**Aim of the exercise:** Copy the final lines exactly, starting at the one that contains "Anti-Skid Rubber Base" and ending with the last line of the listing below. Pictures are not part of the copy.

[Start of Attachment]

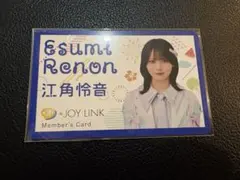 ≒JOY LINK ニアジョイリンク メンバーズカード　（限定会員証） 江角怜音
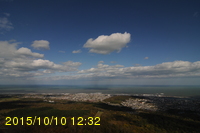 Img20151010_123253.jpg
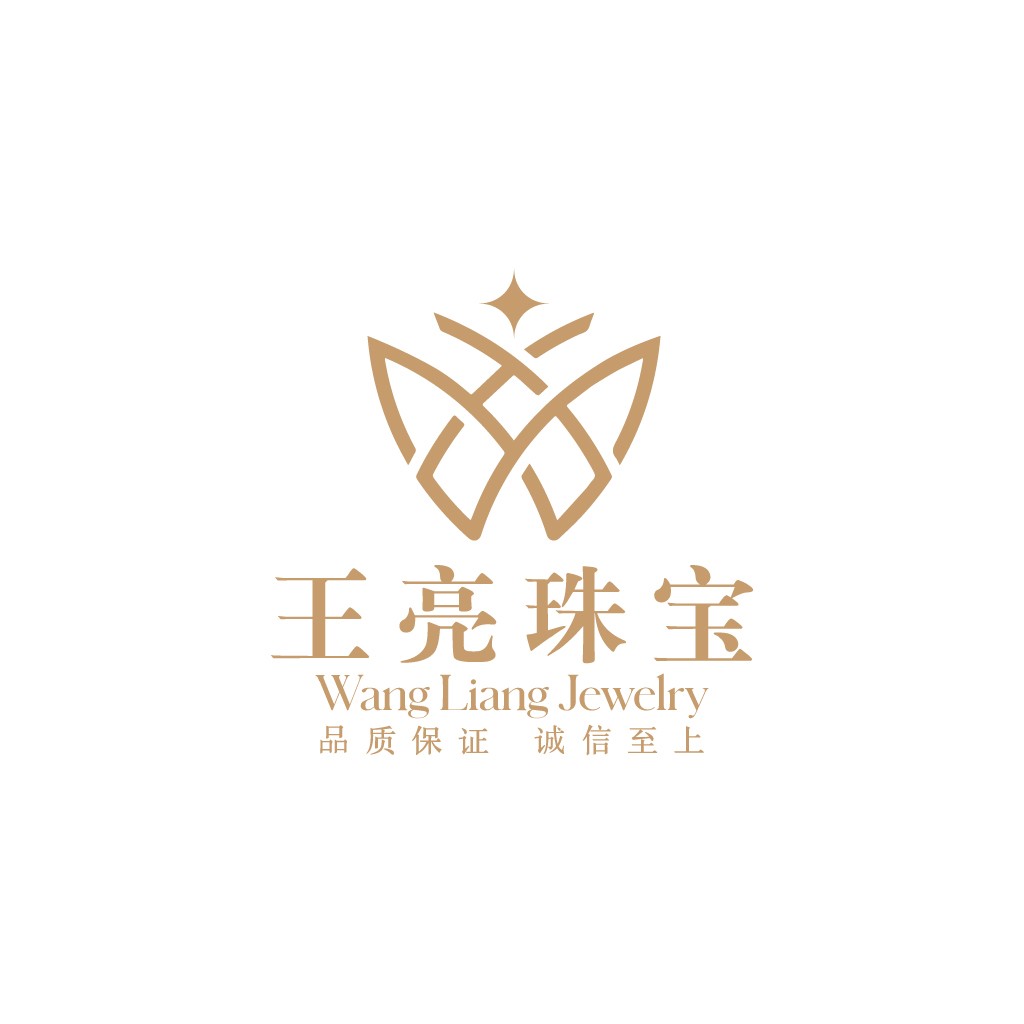 王亮亮珠宝logo设计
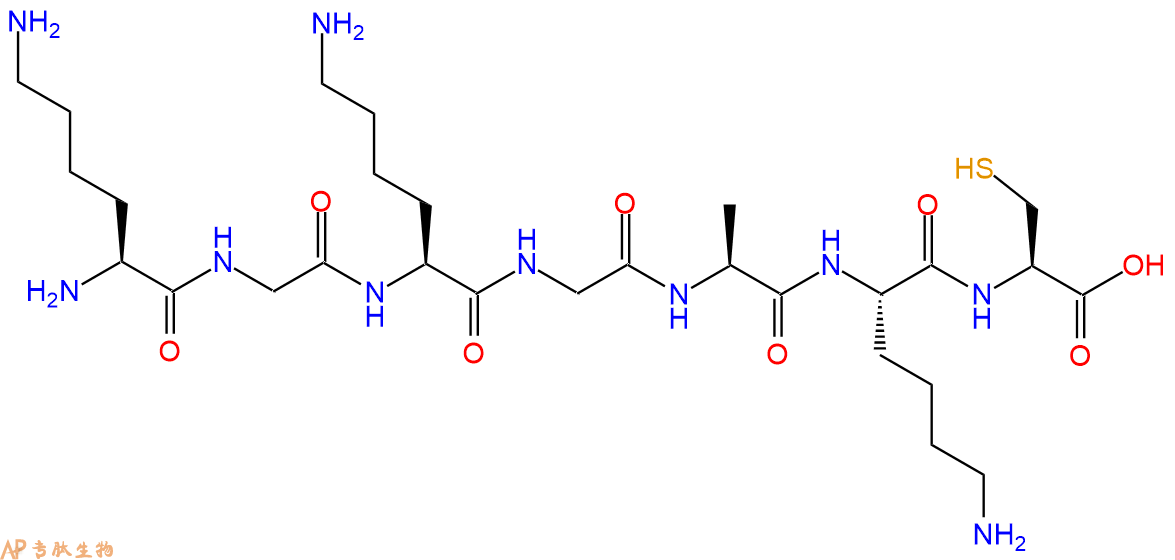 专肽生物产品七肽KGKGAKC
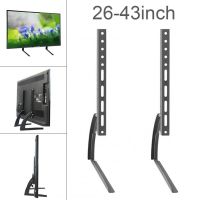 26-43" Universal 25KG TV Stand Base Bracket for Plasma LCD Flat Screen Adjustable Monitor Mount Bracket Anti-Skid Rubber Base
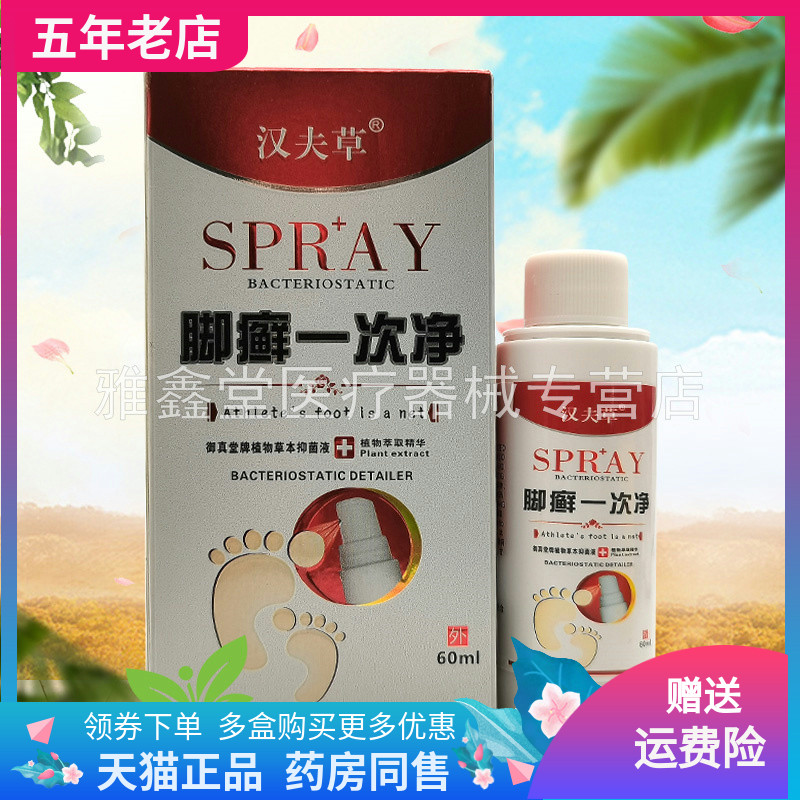 买2送1/5送5】汉夫草脚y癣一次净喷剂60ml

[End of Attachment]

**Answer section:**
 26-43" Universal 25KG TV Stand Base Bracket for Plasma LCD Flat Screen Adjustable Monitor Mount Bracket Anti-Skid Rubber Base
 买2送1/5送5】汉夫草脚y癣一次净喷剂60ml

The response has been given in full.